Work task: Each record that follows should be duplicated exactly, except for its pictures.

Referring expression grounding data
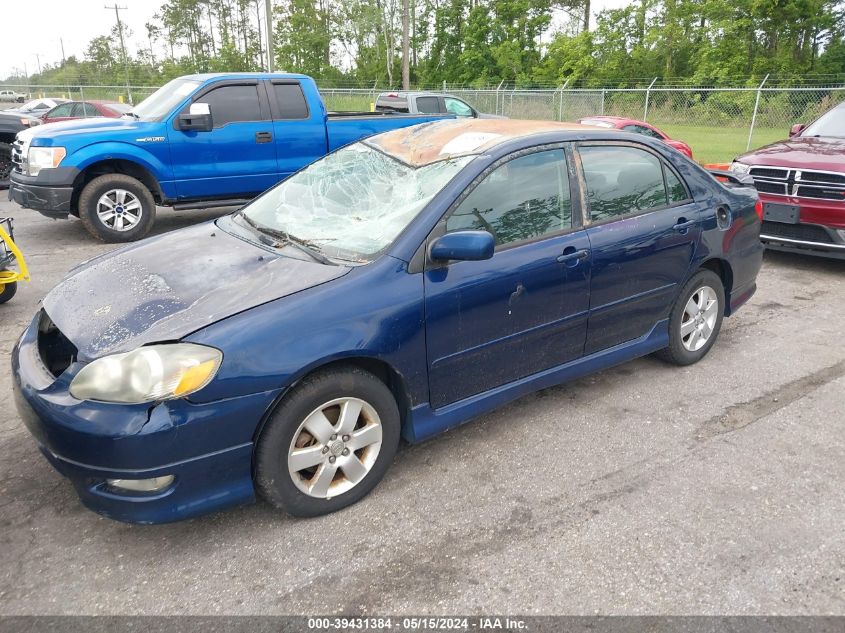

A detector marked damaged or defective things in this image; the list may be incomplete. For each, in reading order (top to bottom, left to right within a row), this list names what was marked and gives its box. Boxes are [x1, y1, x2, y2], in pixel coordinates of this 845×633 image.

shattered windshield [241, 143, 474, 262]
damaged vehicle [11, 118, 764, 524]
damaged blue sedan [11, 119, 764, 524]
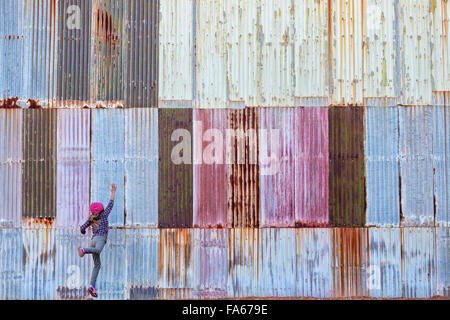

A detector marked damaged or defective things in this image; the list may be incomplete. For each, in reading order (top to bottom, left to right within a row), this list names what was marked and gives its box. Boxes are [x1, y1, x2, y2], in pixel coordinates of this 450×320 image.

rusty metal panel [0, 0, 25, 102]
rusty metal panel [22, 0, 59, 107]
rusty metal panel [58, 0, 93, 105]
rusty metal panel [89, 0, 123, 104]
rusty metal panel [122, 0, 159, 108]
rusty metal panel [158, 0, 192, 106]
rusty metal panel [294, 0, 328, 106]
rusty metal panel [328, 0, 364, 105]
rusty metal panel [362, 0, 398, 103]
rusty metal panel [400, 0, 432, 105]
rusty metal panel [432, 0, 450, 92]
rusty metal panel [0, 109, 22, 226]
rusty metal panel [22, 109, 56, 219]
rusty metal panel [55, 110, 90, 228]
rusty metal panel [90, 109, 124, 226]
rusty metal panel [125, 109, 158, 226]
rusty metal panel [159, 107, 192, 228]
rusty metal panel [193, 109, 229, 228]
rusty metal panel [229, 107, 260, 228]
rusty metal panel [260, 108, 296, 228]
rusty metal panel [294, 107, 328, 228]
rusty metal panel [326, 106, 366, 226]
rusty metal panel [366, 106, 400, 226]
rusty metal panel [400, 106, 434, 226]
rusty metal panel [0, 229, 23, 298]
rusty metal panel [21, 228, 55, 300]
rusty metal panel [54, 229, 92, 298]
rusty metal panel [96, 228, 125, 300]
rusty metal panel [125, 228, 159, 300]
rusty metal panel [158, 229, 193, 298]
rusty metal panel [193, 229, 229, 298]
rusty metal panel [229, 228, 260, 298]
rusty metal panel [294, 228, 332, 298]
rusty metal panel [330, 228, 370, 298]
rusty metal panel [370, 228, 400, 298]
rusty metal panel [400, 228, 436, 298]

Response to the task:
A detector marked damaged or defective things in this image; the list may be incomplete. For each, in reading order (top to bottom, left to right within a row), this list names what was marked and gives its box. Boxes are [x1, y1, x2, y2], in pixel coordinates of this 845×633 image.

shattered windshield [241, 143, 474, 262]
damaged vehicle [11, 118, 764, 524]
damaged blue sedan [11, 119, 764, 524]

A detector marked damaged or defective things in this image; the list may be incomplete. For each, in reading order (top to bottom, left to right within a row), this list names what was marked and gives its box. Boxes are [x1, y1, x2, y2], in pixel coordinates of this 450×320 image.

rusty metal panel [0, 0, 25, 102]
rusty metal panel [22, 0, 59, 107]
rusty metal panel [58, 0, 93, 105]
rusty metal panel [89, 0, 123, 104]
rusty metal panel [122, 0, 159, 108]
rusty metal panel [158, 0, 192, 106]
rusty metal panel [294, 0, 328, 106]
rusty metal panel [328, 0, 364, 105]
rusty metal panel [362, 0, 398, 103]
rusty metal panel [400, 0, 432, 105]
rusty metal panel [432, 0, 450, 92]
rusty metal panel [0, 109, 22, 226]
rusty metal panel [22, 109, 56, 219]
rusty metal panel [55, 110, 90, 228]
rusty metal panel [90, 109, 124, 226]
rusty metal panel [125, 109, 158, 226]
rusty metal panel [159, 107, 192, 228]
rusty metal panel [193, 109, 229, 228]
rusty metal panel [229, 107, 260, 228]
rusty metal panel [260, 108, 296, 228]
rusty metal panel [294, 107, 328, 228]
rusty metal panel [326, 106, 366, 226]
rusty metal panel [366, 106, 400, 226]
rusty metal panel [400, 106, 434, 226]
rusty metal panel [0, 229, 23, 298]
rusty metal panel [21, 228, 55, 300]
rusty metal panel [54, 229, 92, 298]
rusty metal panel [96, 228, 125, 300]
rusty metal panel [125, 228, 159, 300]
rusty metal panel [158, 229, 193, 298]
rusty metal panel [193, 229, 229, 298]
rusty metal panel [229, 228, 260, 298]
rusty metal panel [294, 228, 332, 298]
rusty metal panel [330, 228, 370, 298]
rusty metal panel [370, 228, 400, 298]
rusty metal panel [400, 228, 436, 298]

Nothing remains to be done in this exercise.